[GIVEN MATERIAL]

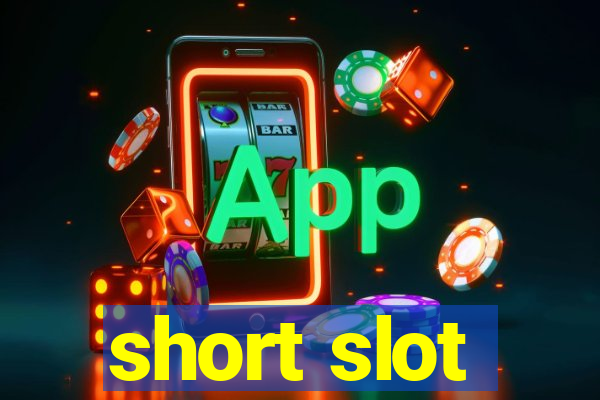 short slot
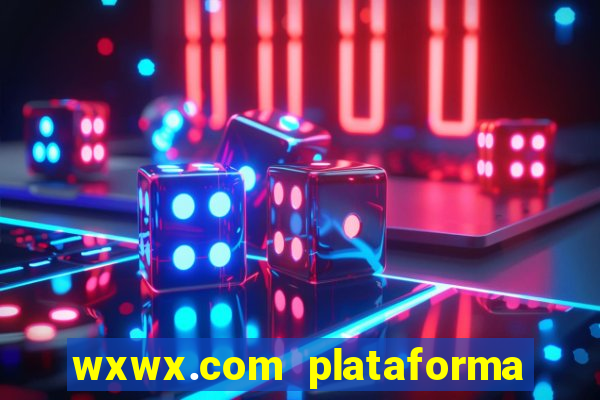 wxwx.com plataforma de jogos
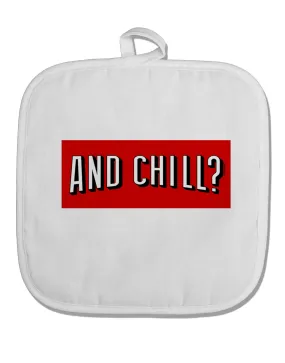 And Chill White Fabric Pot Holder Hot Pad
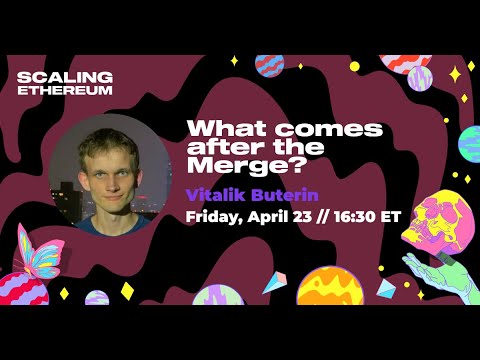 ‘What Happens After the Merge’ – Vitalik Buterin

[/GIVEN MATERIAL]

_WHAT THE TASK REQUIRES_
Write out exactly, and only, the lines running from the line with "And Chill White Fabric Pot Holder Hot Pad" to the last line above, both included, with all pictures omitted.

_ANSWER BOX_
 And Chill White Fabric Pot Holder Hot Pad
 ‘What Happens After the Merge’ – Vitalik Buterin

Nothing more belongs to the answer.